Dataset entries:
★ ★ ★ ★
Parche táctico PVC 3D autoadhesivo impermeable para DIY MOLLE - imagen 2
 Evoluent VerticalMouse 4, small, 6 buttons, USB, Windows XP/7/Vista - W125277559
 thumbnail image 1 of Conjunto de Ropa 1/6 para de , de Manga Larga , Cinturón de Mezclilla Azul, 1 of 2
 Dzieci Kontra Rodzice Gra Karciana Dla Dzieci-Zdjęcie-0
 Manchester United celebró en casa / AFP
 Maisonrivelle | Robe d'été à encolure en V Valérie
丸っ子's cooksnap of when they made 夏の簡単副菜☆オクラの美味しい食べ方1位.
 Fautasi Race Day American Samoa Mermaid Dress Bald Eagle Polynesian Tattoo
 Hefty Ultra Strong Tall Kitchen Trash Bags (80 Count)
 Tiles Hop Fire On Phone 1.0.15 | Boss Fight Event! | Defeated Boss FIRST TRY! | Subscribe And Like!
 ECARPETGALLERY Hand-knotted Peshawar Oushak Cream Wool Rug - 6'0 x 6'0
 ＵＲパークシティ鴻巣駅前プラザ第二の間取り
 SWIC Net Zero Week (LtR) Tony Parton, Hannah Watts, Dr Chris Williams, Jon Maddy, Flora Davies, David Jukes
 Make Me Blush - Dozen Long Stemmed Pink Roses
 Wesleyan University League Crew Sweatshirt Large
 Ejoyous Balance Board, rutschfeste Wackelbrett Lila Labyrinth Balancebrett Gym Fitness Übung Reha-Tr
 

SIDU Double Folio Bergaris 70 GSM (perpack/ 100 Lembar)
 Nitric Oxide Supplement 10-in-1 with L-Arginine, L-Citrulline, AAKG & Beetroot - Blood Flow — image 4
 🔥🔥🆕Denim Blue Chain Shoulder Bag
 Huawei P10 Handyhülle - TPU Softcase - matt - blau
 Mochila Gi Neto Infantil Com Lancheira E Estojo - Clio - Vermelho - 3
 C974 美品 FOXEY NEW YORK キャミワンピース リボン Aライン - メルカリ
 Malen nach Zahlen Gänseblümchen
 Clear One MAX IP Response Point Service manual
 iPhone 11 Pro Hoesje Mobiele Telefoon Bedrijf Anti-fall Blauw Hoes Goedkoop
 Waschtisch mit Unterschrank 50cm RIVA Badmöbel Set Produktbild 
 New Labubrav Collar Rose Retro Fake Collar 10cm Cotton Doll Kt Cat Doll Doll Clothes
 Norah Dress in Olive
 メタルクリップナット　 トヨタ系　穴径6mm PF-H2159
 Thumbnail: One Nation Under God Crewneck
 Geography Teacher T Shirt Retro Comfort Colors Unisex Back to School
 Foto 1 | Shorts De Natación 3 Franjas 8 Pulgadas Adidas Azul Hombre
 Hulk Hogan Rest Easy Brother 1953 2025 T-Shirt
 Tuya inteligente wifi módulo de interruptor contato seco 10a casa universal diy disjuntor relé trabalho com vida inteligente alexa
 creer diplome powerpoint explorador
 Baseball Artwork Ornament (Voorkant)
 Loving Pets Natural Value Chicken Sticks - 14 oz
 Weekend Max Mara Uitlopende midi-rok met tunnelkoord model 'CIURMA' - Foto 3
★ ★ ★ ★
#### [Exercise description]
Quote exactly the stretch of lines above that starts at the first one and ends at the line with "丸っ子's cooksnap of", and nothing beyond it.

#### [Answer space]
Parche táctico PVC 3D autoadhesivo impermeable para DIY MOLLE - imagen 2
 Evoluent VerticalMouse 4, small, 6 buttons, USB, Windows XP/7/Vista - W125277559
 thumbnail image 1 of Conjunto de Ropa 1/6 para de , de Manga Larga , Cinturón de Mezclilla Azul, 1 of 2
 Dzieci Kontra Rodzice Gra Karciana Dla Dzieci-Zdjęcie-0
 Manchester United celebró en casa / AFP
 Maisonrivelle | Robe d'été à encolure en V Valérie
丸っ子's cooksnap of when they made 夏の簡単副菜☆オクラの美味しい食べ方1位.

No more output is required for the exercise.